Here’s what you would see if you could reach through time and space to peek behind the current scene of yours truly—the family behind the perfect Christmas card, if you will. My blood pressure is slowly coming down and my facial expression still says, “I’m not ready to talk about it”. We’re both sitting on the couch—but on opposite ends—relieved to hear the soft hum of our daughter’s sound machine through the little monitor on the kitchen table.

It’s ironic that I’m sitting down to reflect on setting aside expectations for the sake of greater happiness. If you saw the scene around me, you would laugh at the irony at best or scoff at my hypocrisy at worst.

She’s asleep for an afternoon nap and we’re both in self-assigned time outs.

All because of an attempt at a family Christmas card photo. A failed attempt, if you haven’t already guessed. And in my stewing reflection of what just happened, I’m realizing that it all came down to the background of the photo. That’s right—the part you probably won’t even notice, if done correctly. Real mature, Keswani.

image 3367 Motherly

My husband wanted the background to be something meaningful – the city skyline, a Christmas tree, or the view from our rooftop deck. I wanted something neutral like a fuzzy background of a nearby park field or the brick wall that holds up the side of our house.

But did we lay those options out to each other and then discuss them, like grown up adults? Nope.

“What about this one, babe?”

“No, it looks like the buildings are coming out of our heads”

“I like this idea—do you?”

“No—there’s nothing to it.
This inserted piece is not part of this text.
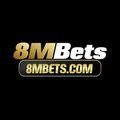 @8mbets11com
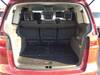 VOLKSWAGEN GOLF TOURAN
It’s kind of boring, don’t you think?”

And if our subtle arguing was a match to light a fire, then our struggling toddler was the kerosene that would take our emotional self-control as parents and blow it to bits. Because, in case you didn’t know, 15 month olds do not like sitting still nor do they like seeing a pretty glowing smartphone and be repeatedly denied a chance to play with it.

Especially when they are tired.

So subtle jabs at each other’s ideas dissolved into a tense trading of words that were way more dramatic and are great ways to escalate a conversation. You know what I’m talking about – “You always have a billion ideas at once and it’s so overwhelming” “You never like anything I suggest.”

Then our sweet angel, dressed in a Christmasy-red tutu & screaming on the floor, yawned. Hallelujah, it’s nap time.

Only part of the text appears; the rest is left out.